The UK-based PRS, acting on behalf of its Bahamian and international members, who include song writers, composers and music publishers, had initiated the legal battle in 2001 by claiming Galleria was breaching the musical copyright of its Bahamian and international members.

It claims Galleria has “repeatedly ‘authorized’ or ‘permitted’ public performances at its Cineplex of ‘films containing musical works in the plaintiff’s repertoire’ without the licence of the appellant [PRS]”.

While Justice Winder backed the cinema operator’s position, acting appeal Justice Milton Evans, in a ruling that was last year supported by his two fellow Appeal judges, found there was nothing in the Copyright Act 1998 to support Galleria Cinemas’ contention that the authors of music give up their ownership rights when their works are used in film sound recordings.

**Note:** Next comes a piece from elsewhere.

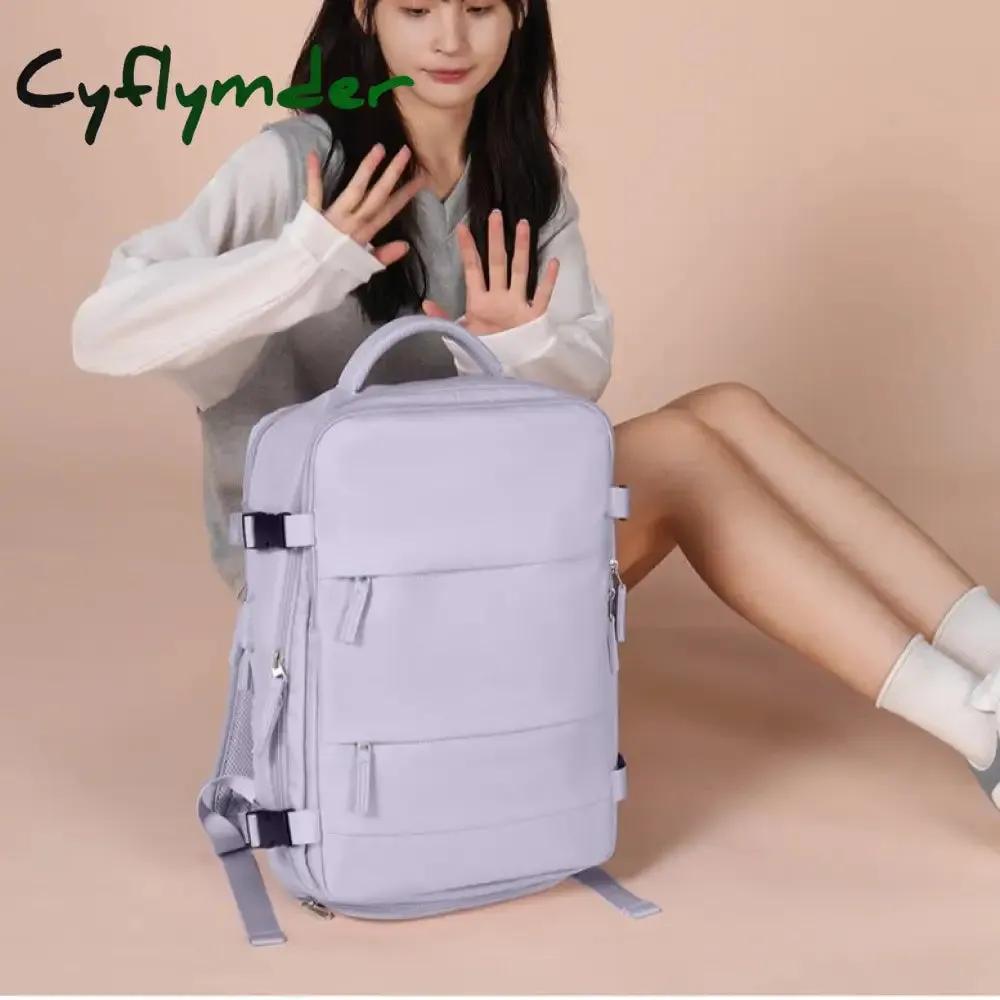 Cyflymder Purple Backpack Multifunctional Travel Bag Big Capactiy Backpack Shoulder Bags for Women with Independent Shoes Pocket Backpack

The outcome of the case thus has critical implications for singers, musicians and songwriters - both Bahamian and foreign - over the use of their works in The Bahamas and the compensation/royalties they will receive - hence Galleria’s appeal to the Privy Council.

Mr Moss told Tribune Business on Friday that it was “a very important case, a very important case” whose outcome could have the effect of stifling artistic development in The Bahamas depending on which way the Privy Council rules.

He argued that it deals with “the whole right of derivative works”, and the differences between old UK law on one hand and the modern UK copyright version, the Berne Convention, the US Copyright Act/Title 17 and the Copyright Act 1998.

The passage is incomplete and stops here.